You're welcome. Was just being honest. i'm glad they mean a lot, though. ... That's certainly a good reason (working) to leave this board for awhile. i know what you mean "having a really hard time tending to multiple spheres" of one's life. i have such a difficult freaking time with that too. i probably spend way too much time on this site actually. It's so informative, and often quite helpful, but i think it's just become something of an addiction now. Other areas of my life suffer as a result, to some extent. i want to try to continue reading and posting on this site but to limit myself much more, time wise.

> I hope to "keep it together" mroe this time so that I can stay on this board, move out of my house, make some real money so I can afford a real pdoc; then I could actually make it in school and become a psychopharmacologist. Aaah, to be able to actually help people with my talent [after its sufficiently nurtured by real training] instead of simply posting on this board... ;)

That'd be great. i hope you continue posting here. But i hope it doesn't hinder your other goals at all. Good luck with all those other things, by the way. We need psychopharmacologists like you, and you'd be a great one, as far as i can tell.
But you should have said, "Aaah, to be able to *especially* help people with my talent... even though i do help people some, even a good deal, by posting on this board." i know what you mean though. That would be great.

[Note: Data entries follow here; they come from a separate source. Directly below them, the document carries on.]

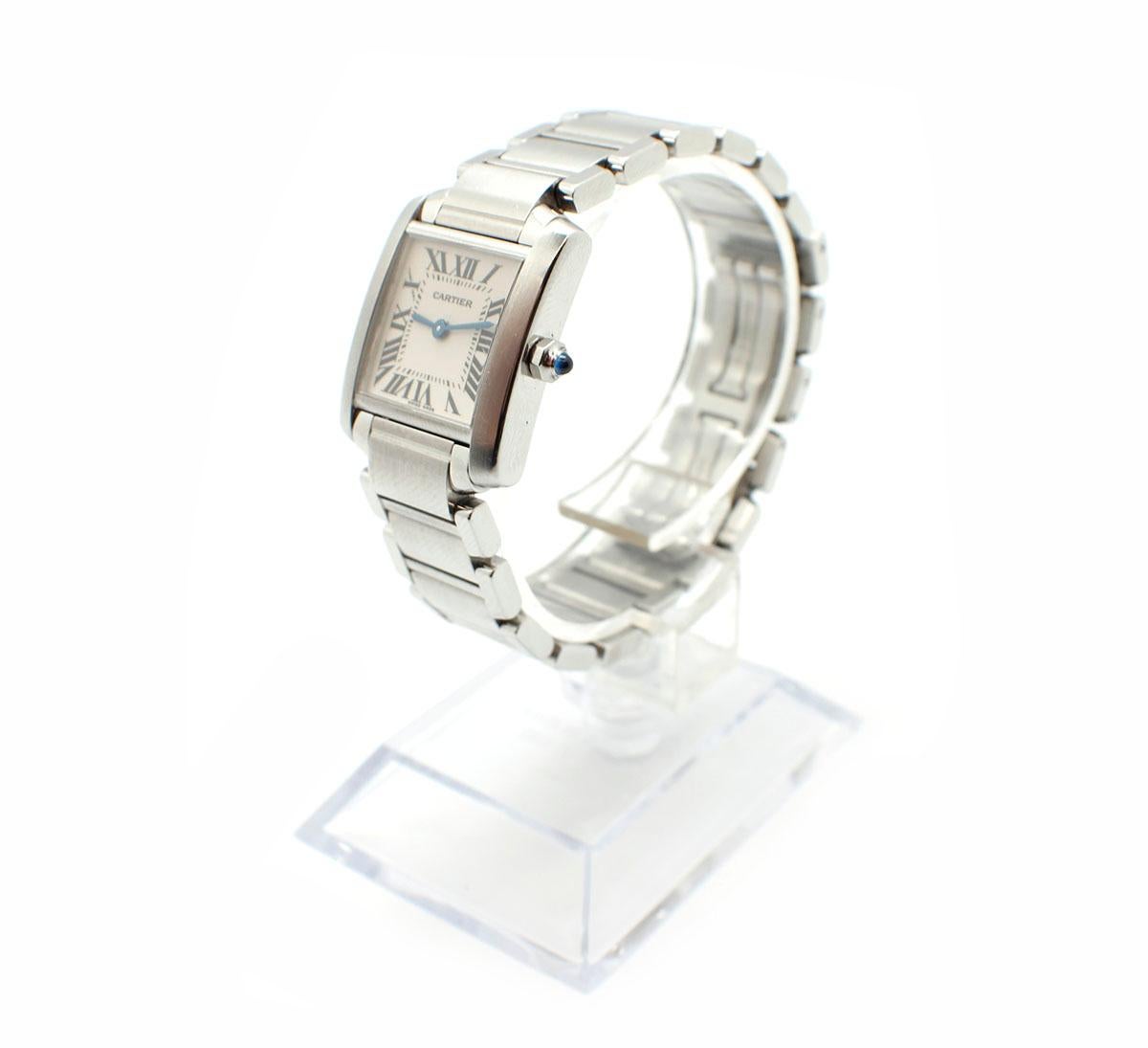 Movement: quartz
Function: hours, minutes
Case: 20mm stainless steel case, sapphire crystal
Band: stainless steel bracelet, steel clasp, fits up to a 6.25-inch wrist
Dial: cream dial, blue hands, black Roman numerals
Reference #: 2384
Serial #: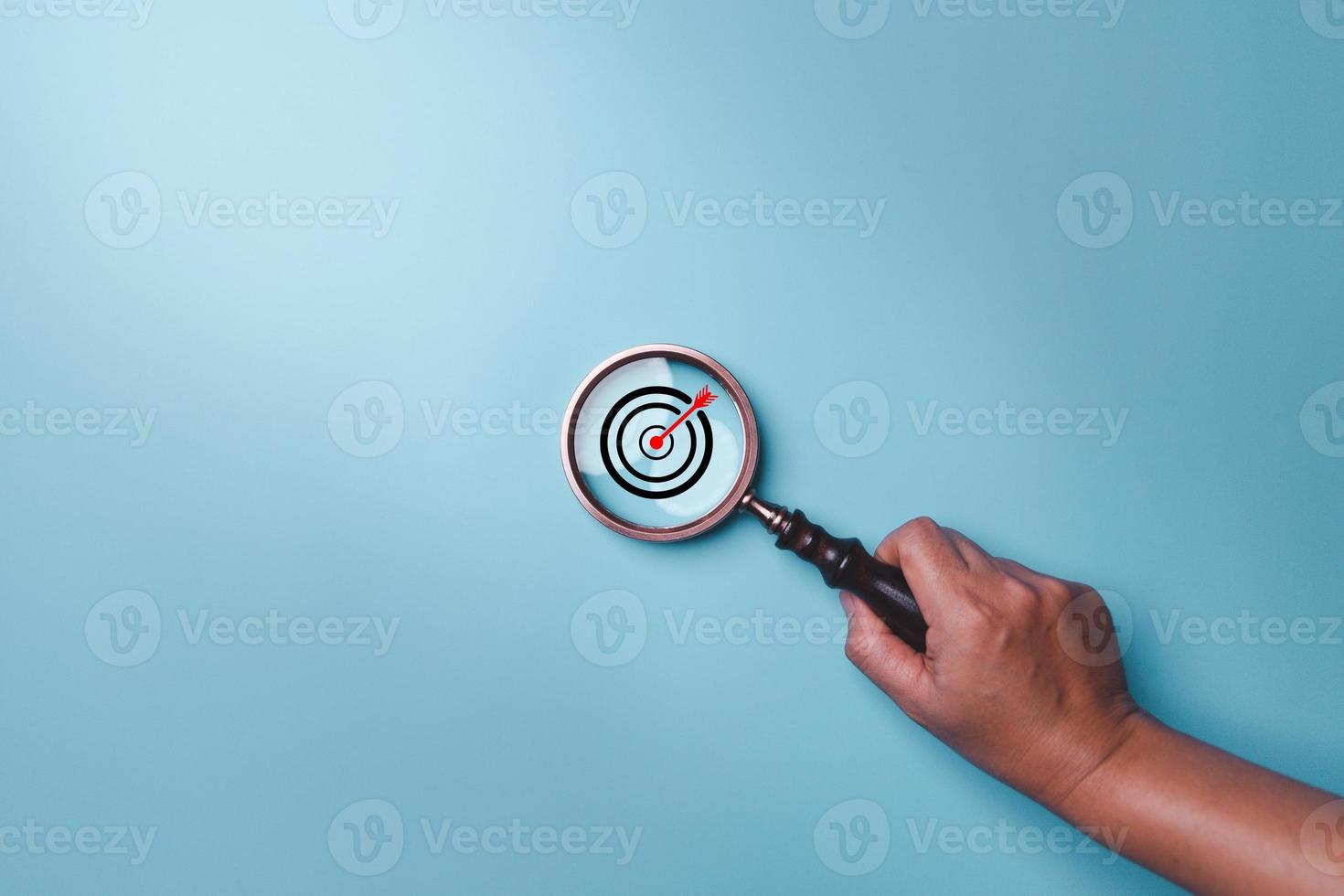 Hand holding target board inside vintage magnifying glass for focus business objective on blue background and copy space. Search, goal, strategy, success. successful marketing strategy goals photo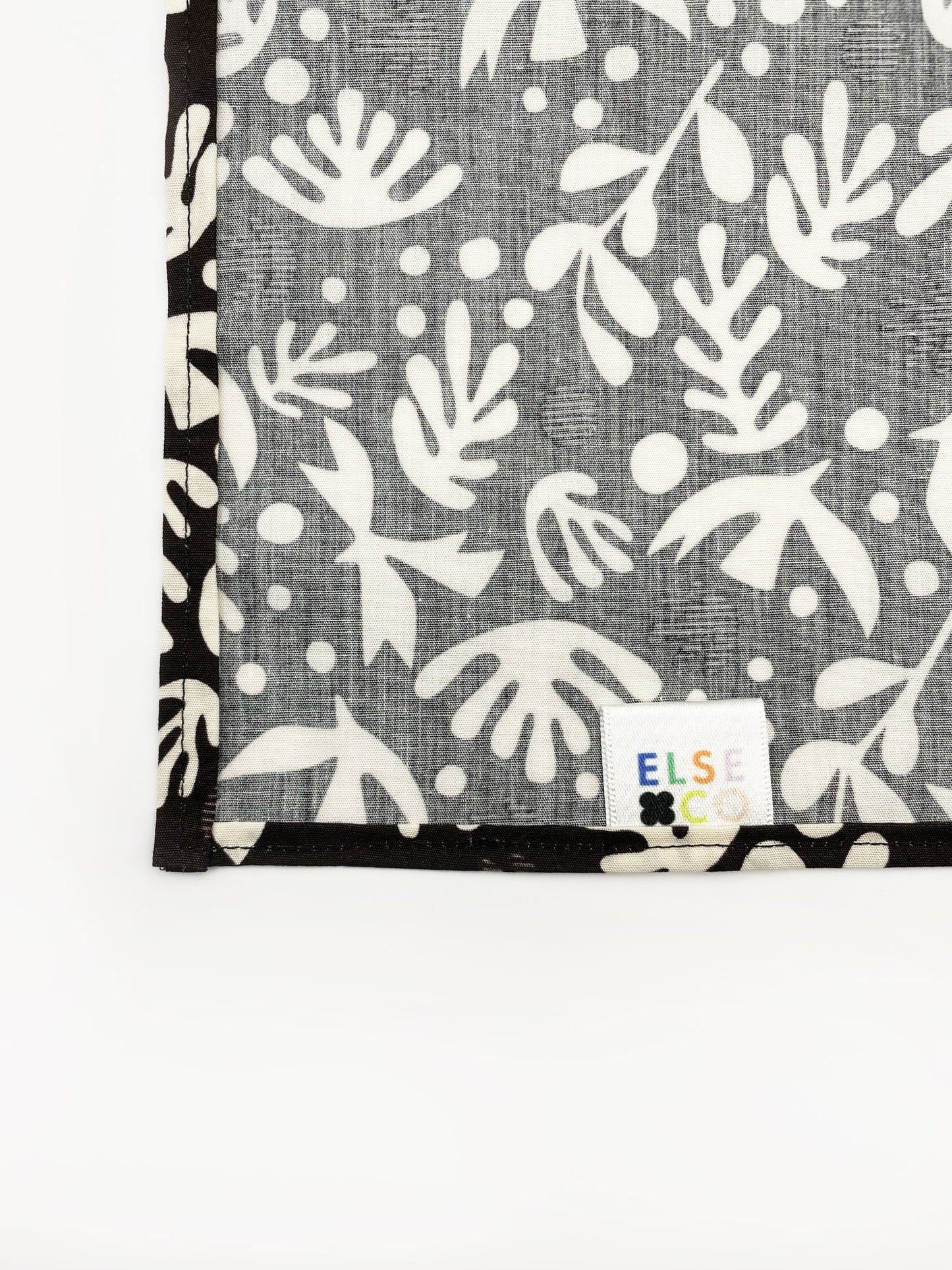 A cotton handmade pocket square with cream-colored birds and abstract shapes.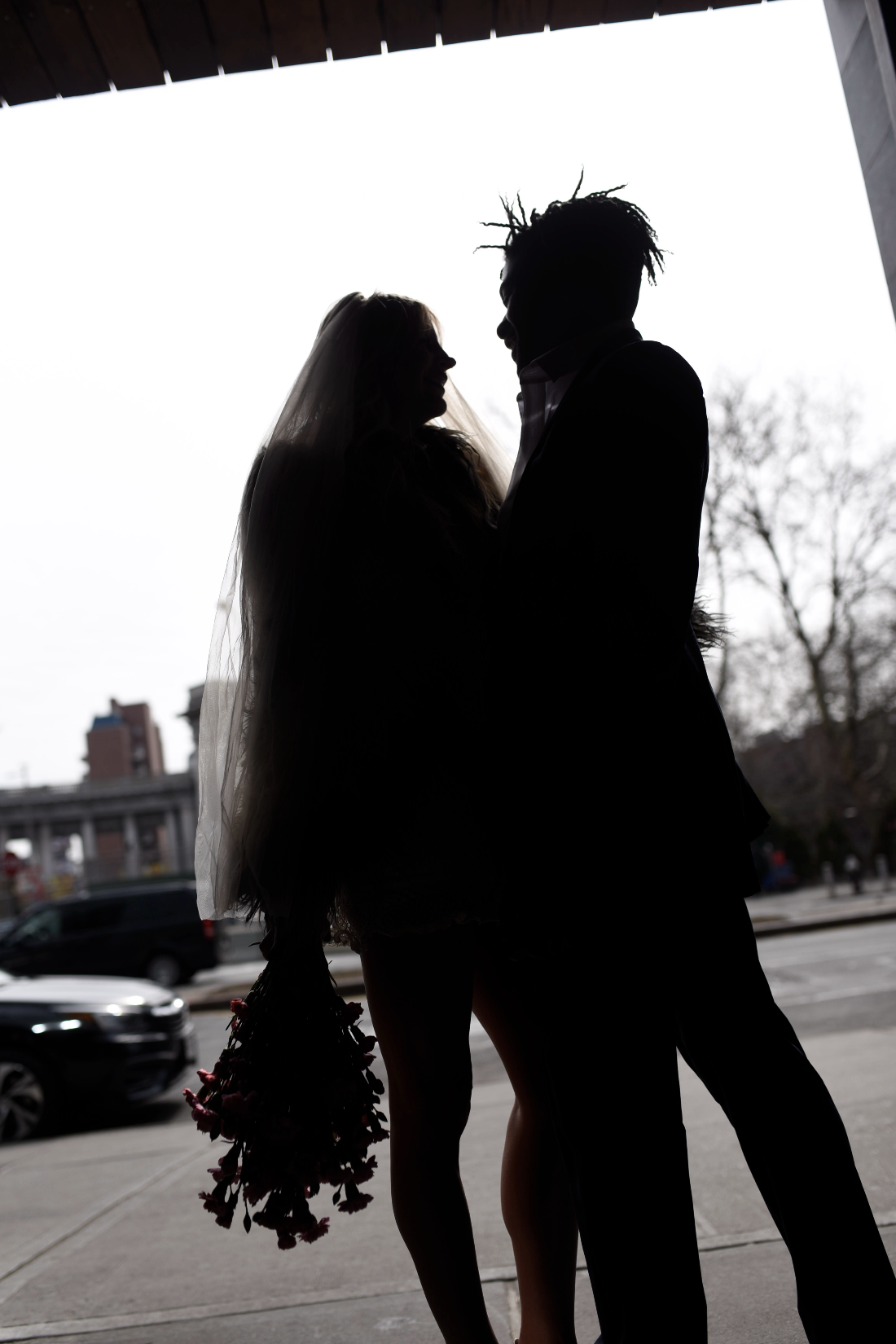 Silhouette of bride and groom embracing before their Cakewalk elopement.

> Check out this cabergoline reference. If our Cromwellian drug laws permitted the marketing of a male sexual tonic, Dostinex (cabergoline) would be it. There are sites all over the internet touting it as a sexual fountain of youth; these claims are extreme yet well-founded:
> Effects of acute prolactin manipulation on sexual drive and function in males.
> Kruger TH, Haake P, Haverkamp J, Kramer M, Exton MS, Saller B, Leygraf N, Hartmann U, Schedlowski M.
> Department of Medical Psychology, University of Essen, Hufelandstrasse 55, 45122 Essen, Germany.
> The neuroendocrine response to sexual activity in humans is characterized by a pronounced orgasm-dependent increase of plasma levels of prolactin. In contrast to the well-known inhibitory effects of chronic hyperprolactinemia on sexual drive and function, the impact of acute prolactin alterations on human sexual physiology is unknown. Therefore, this study was designed to investigate the effects of acute manipulation of plasma prolactin on sexual behavior.Ten healthy males participated in a single-blind, placebo-controlled, balanced cross-over design. Prolactin levels were pharmacologically increased to high levels (protirelin, 50 micro g i.v.) or reduced to low physiological concentrations (cabergoline, 0.5 mg p.o.). Sexual arousal and orgasm were then induced by an erotic film and masturbation. In addition to continuous neuroendocrine and cardiovascular recordings, the quality and intensity of the acute sexual drive, arousal, orgasm and refractory period were assessed by extensive psychometric measures.***Administration of cabergoline decreased prolactin levels and significantly enhanced all parameters of sexual drive (P<0.05), function (P<0.01) and positive perception of the refractory period (P<0.01).*** Administration of protirelin increased prolactin concentrations and produced small, but not significant reductions of sexual parameters. The sexual effects observed from cabergoline were completely abrogated by coadministration of protirelin. Although different pharmacological sites of action of prolactin-altering drugs have to be considered, these data demonstrate that acute changes in prolactin plasma levels may be one factor modulating sexual drive and function. Therefore, besides a neuroendocrine reproductive reflex, a post-orgasmic prolactin increase may represent one factor modulating central nervous system centers controlling sexual drive and behavior. These findings may offer a new pharmacological approach for the treatment of sexual disorders.

Yeah, i would so love to try cabergoline. Man that'd be great.
i find it kind of interesting and humorous that this professional research study utilized "erotic film and masturbation." i'm sure it's not the only study to do something like that, but i haven't exactly come across it before.
Anyway, thanks so much for your helpful comments, again. And i'm sorry this was so long and tedious to read. i'm horribly tired.